Founded in 1955 (television) and 1935 (radio, as Emissora Nacional), RTP is funded through a monthly audiovisual contribution (Contribuição para o Audiovisual, CAV) included in electricity bills, plus limited advertising revenue. It operates under a public service concession that mandates news independence, cultural programming, and coverage for Portuguese-speaking communities worldwide.

RTP plays a central role in Portuguese public life — it hosts the main political debates during elections, produces news programming, and broadcasts major national events. Its editorial independence and funding model are recurring subjects of political debate, with some parties advocating for privatization or restructuring of the public broadcaster.

Chega

Chega ("Enough") is a Portuguese far-right populist party founded in 2019 by André Ventura. It positions itself as an anti-establishment movement against what it calls a "rotten and corrupt system" of PS-PSD dominance. The party surged from 1.3% in 2019 to 22.8% in May 2025, becoming parliament's second-largest force with 60 seats. ​ Chega's core platform emphasizes strict immigration control—ending automatic CPLP residency, deporting non-independent immigrants, implementing job-market quotas, and requiring five-year social security contributions before benefit access. It advocates radical constitutional reform, including reducing parliament to 100 members, abolishing the prime minister position for a presidential system, and dismantling public healthcare. Law-and-order policies include life imprisonment and chemical castration proposals.

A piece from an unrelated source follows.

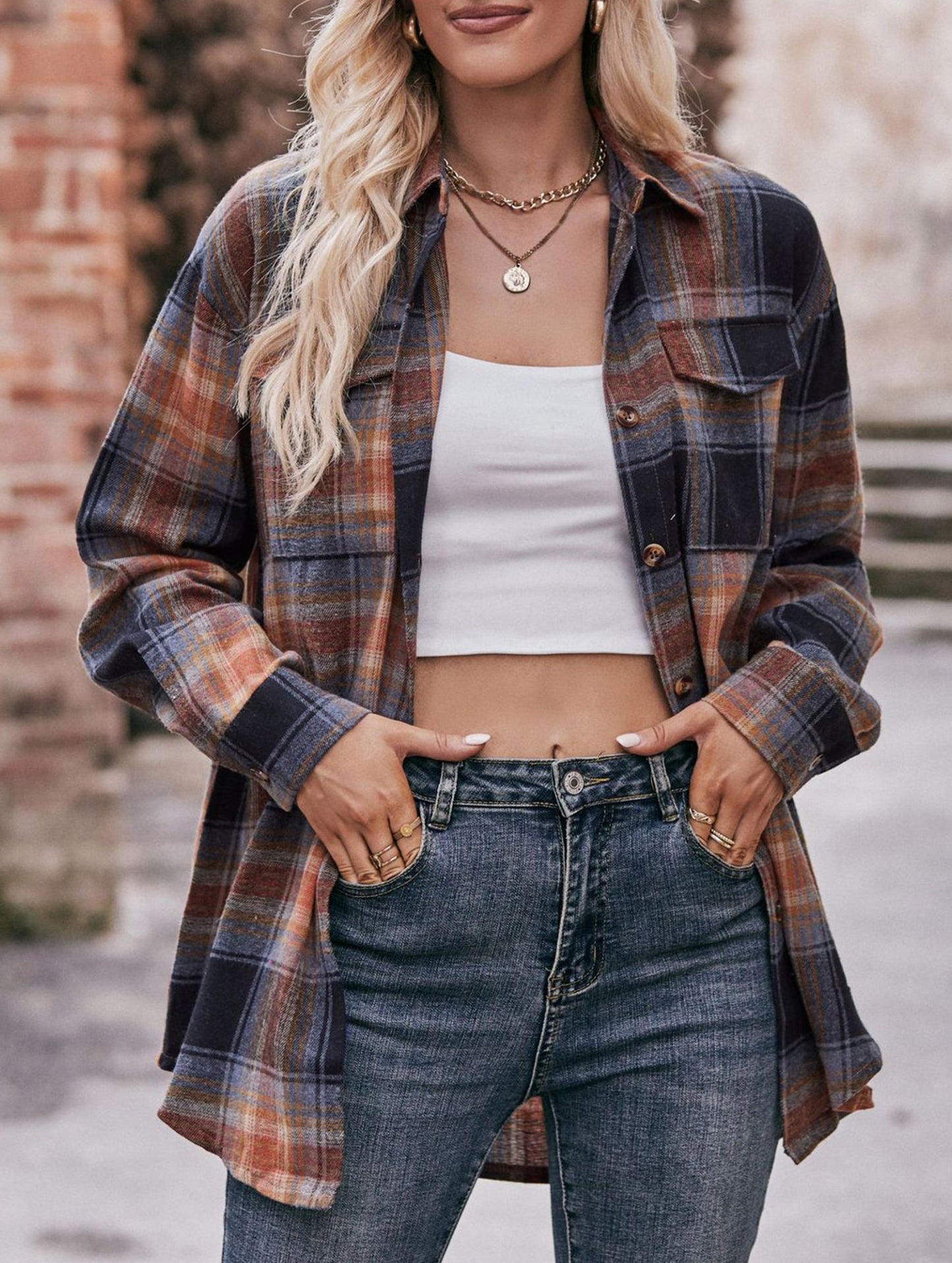 Fashionable casual loose plaid shirt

The party is defined by inflammatory anti-Romani rhetoric, with Ventura convicted multiple times for discrimination. Chega maintains international alignments with European far-right figures including Marine Le Pen, Santiago Abascal, and Matteo Salvini. Mainstream Portuguese parties, including Prime Minister Luís Montenegro's government, have imposed a cordon sanitaire, refusing coalition with Chega despite its parliamentary strength.